Copy out exactly the lines below that run from the one holding "Progenitus Magic the" to the one holding "Most Common Used", keeping both of those lines and no others.

*RECORDED DATA:*
■ ■ ■ ■

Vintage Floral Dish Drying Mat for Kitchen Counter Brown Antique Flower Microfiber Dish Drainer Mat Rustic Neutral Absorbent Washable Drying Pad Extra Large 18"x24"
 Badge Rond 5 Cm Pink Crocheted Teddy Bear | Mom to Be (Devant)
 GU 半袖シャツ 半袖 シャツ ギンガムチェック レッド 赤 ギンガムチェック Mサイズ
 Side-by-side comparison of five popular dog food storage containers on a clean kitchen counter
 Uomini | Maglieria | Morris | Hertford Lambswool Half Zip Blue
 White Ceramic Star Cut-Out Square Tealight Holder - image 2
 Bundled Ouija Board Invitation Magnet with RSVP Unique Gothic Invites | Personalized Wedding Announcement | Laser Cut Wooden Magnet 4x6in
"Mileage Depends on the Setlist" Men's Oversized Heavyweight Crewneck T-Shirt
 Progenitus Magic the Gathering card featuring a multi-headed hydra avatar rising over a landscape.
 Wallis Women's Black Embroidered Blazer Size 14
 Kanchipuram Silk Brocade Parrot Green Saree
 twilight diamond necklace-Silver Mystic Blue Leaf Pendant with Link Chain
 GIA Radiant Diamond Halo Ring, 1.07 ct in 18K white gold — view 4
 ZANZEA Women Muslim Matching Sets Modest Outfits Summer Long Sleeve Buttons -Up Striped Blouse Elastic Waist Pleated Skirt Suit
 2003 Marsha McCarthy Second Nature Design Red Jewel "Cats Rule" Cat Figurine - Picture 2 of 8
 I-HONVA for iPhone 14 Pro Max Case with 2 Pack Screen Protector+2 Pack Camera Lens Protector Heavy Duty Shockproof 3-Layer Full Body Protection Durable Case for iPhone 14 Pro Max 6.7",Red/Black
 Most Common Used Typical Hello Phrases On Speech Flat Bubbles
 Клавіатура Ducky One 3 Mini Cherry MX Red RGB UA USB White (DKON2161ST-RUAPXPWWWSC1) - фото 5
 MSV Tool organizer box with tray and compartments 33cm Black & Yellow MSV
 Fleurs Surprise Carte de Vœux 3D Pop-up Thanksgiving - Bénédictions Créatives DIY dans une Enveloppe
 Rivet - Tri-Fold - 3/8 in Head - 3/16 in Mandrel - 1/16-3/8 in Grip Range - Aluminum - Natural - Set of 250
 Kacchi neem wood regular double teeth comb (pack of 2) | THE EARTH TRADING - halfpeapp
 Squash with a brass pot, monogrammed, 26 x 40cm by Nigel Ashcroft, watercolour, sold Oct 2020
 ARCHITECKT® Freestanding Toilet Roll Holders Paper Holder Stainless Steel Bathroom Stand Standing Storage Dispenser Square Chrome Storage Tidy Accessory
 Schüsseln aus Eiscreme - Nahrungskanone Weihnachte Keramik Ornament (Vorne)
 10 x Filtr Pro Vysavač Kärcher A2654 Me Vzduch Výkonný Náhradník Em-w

■ ■ ■ ■

*ANSWER BOX:*
 Progenitus Magic the Gathering card featuring a multi-headed hydra avatar rising over a landscape.
 Wallis Women's Black Embroidered Blazer Size 14
 Kanchipuram Silk Brocade Parrot Green Saree
 twilight diamond necklace-Silver Mystic Blue Leaf Pendant with Link Chain
 GIA Radiant Diamond Halo Ring, 1.07 ct in 18K white gold — view 4
 ZANZEA Women Muslim Matching Sets Modest Outfits Summer Long Sleeve Buttons -Up Striped Blouse Elastic Waist Pleated Skirt Suit
 2003 Marsha McCarthy Second Nature Design Red Jewel "Cats Rule" Cat Figurine - Picture 2 of 8
 I-HONVA for iPhone 14 Pro Max Case with 2 Pack Screen Protector+2 Pack Camera Lens Protector Heavy Duty Shockproof 3-Layer Full Body Protection Durable Case for iPhone 14 Pro Max 6.7",Red/Black
 Most Common Used Typical Hello Phrases On Speech Flat Bubbles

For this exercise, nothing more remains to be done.